Maybe the version in the water needed to be taken in very high amounts.  So the steam from a hot shower wasn't enough, but turning the entire city into a sauna would work.


----------



## Sunuvmann (Jan 30, 2008)

Gooba said:


> Actually both of those were answered in the movies.  Spider Man didn't tire because he had super strength, and his webbing was strong as steel which would easily support his 140ish pound body.  Nobody believed Superman's dad so nobody thought they needed to build escape pods until it was too late.
> 
> Maybe the version in the water needed to be taken in very high amounts.  So the steam from a hot shower wasn't enough, but turning the entire city into a sauna would work.
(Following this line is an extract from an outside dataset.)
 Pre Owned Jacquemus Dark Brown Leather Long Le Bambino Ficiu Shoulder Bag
I guess you are right. The water mains exploding at high pressure would yield a lot more of it as gas then you would normally get from a shower.
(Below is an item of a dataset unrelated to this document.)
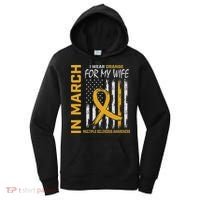 In March I Wear Orange For My Wife Multiple Sclerosis Flag Women's Hoodie thumb 0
However it didn't take a lot for Scarecrow to use it. Bah, whatever, it was probably of a much higher concentration.


----------



## Ennoea (Jan 30, 2008)

Gotham is filth, full of dirty boys and girls


----------



## Gooba (Jan 31, 2008)

> However it didn't take a lot for Scarecrow to use it. Bah, whatever, it was probably of a much higher concentration.


Yea that is what I figured.  The stuff in the water was really dilluted, I mean that's a ton of water, so it would take monumental amounts to affect people.

I still am not sure how to explain the microwave thing not killing everyone.  After all, we are mostly water too.


----------



## Sunuvmann (Jan 31, 2008)

Gooba said:


> Yea that is what I figured.  The stuff in the water was really dilluted, I mean that's a ton of water, so it would take monumental amounts to affect people.
> 
> I still am not sure how to explain the microwave thing not killing everyone.  After all, we are mostly water too.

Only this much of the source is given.